Exercise requirements: Find the word "image" in the records and copy every line where it occurs.

Records:
• • •

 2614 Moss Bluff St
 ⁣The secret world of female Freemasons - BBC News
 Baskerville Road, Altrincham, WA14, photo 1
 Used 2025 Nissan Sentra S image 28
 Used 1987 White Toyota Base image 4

• • •

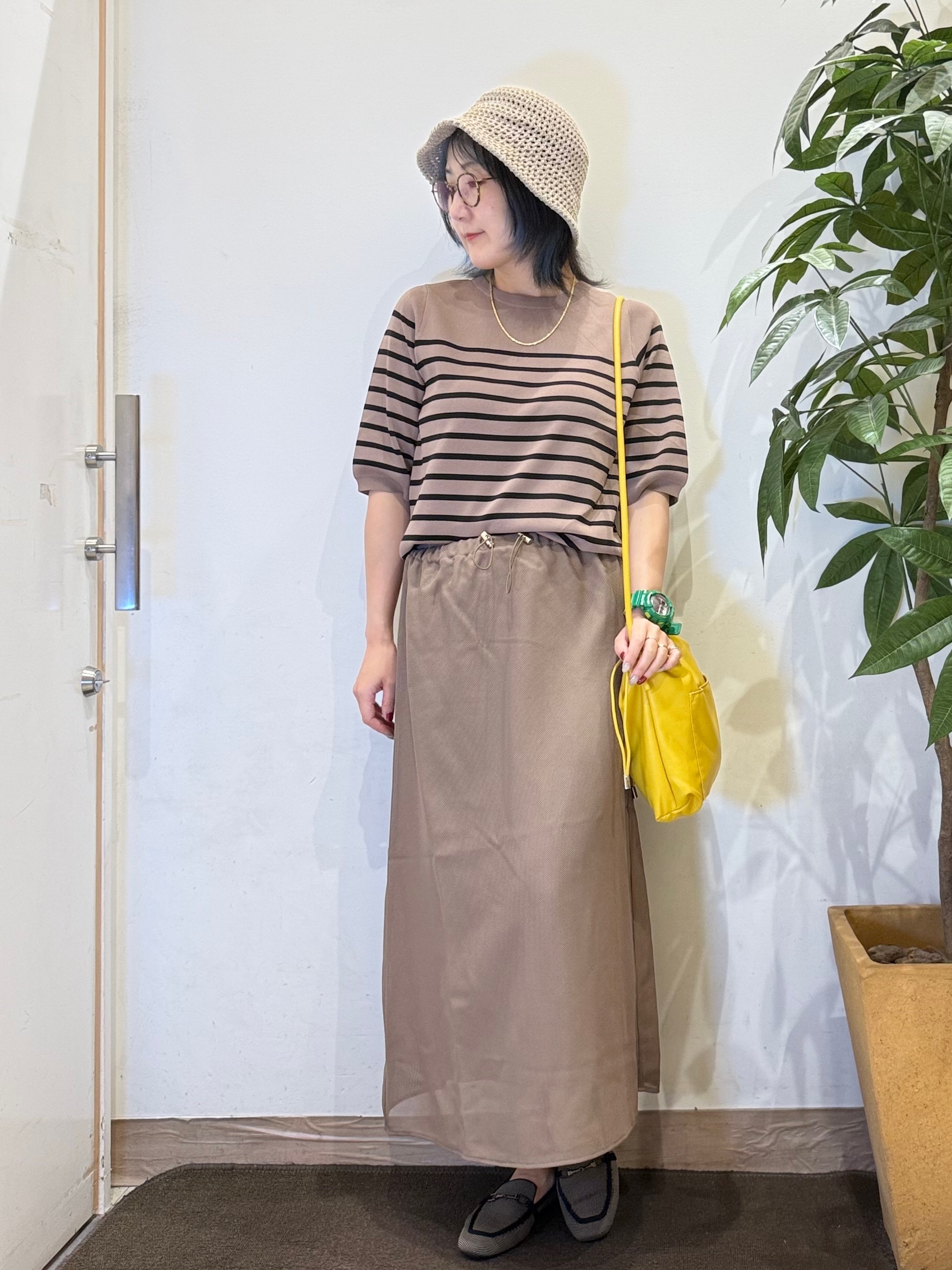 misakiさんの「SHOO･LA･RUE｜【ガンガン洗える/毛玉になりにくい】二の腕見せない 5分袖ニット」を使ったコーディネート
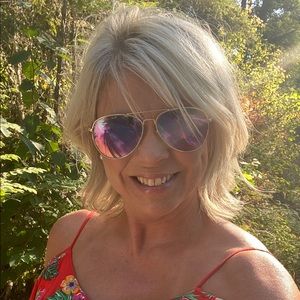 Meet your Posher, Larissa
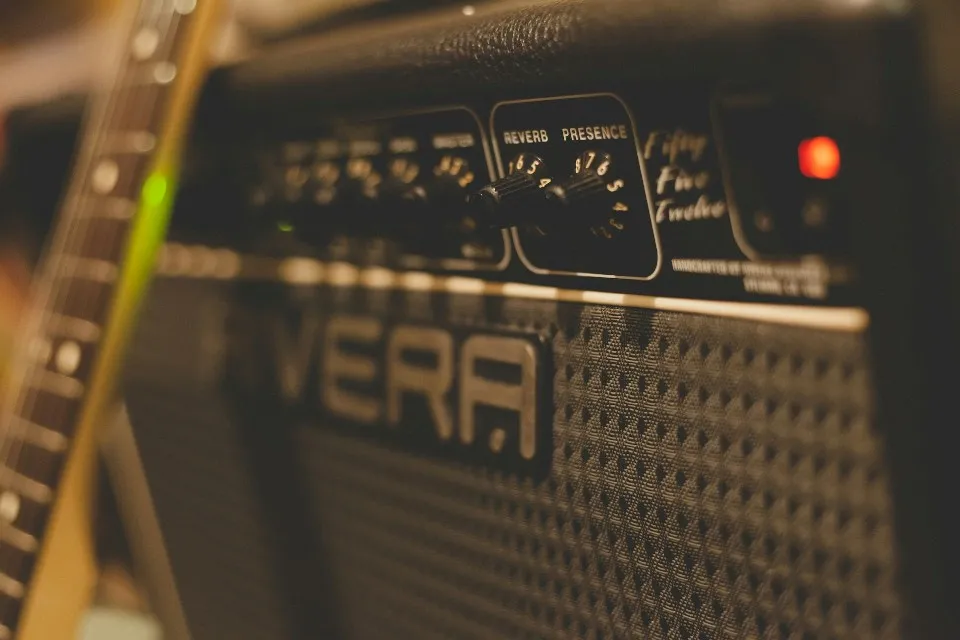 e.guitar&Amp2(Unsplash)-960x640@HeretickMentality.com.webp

• • •

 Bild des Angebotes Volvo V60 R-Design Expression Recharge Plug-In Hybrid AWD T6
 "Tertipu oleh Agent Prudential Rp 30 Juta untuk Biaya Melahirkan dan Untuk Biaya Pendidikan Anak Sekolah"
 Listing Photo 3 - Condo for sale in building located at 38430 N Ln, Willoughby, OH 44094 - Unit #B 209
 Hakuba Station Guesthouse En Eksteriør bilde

• • •

Written answer:
 Used 2025 Nissan Sentra S image 28
 Used 1987 White Toyota Base image 4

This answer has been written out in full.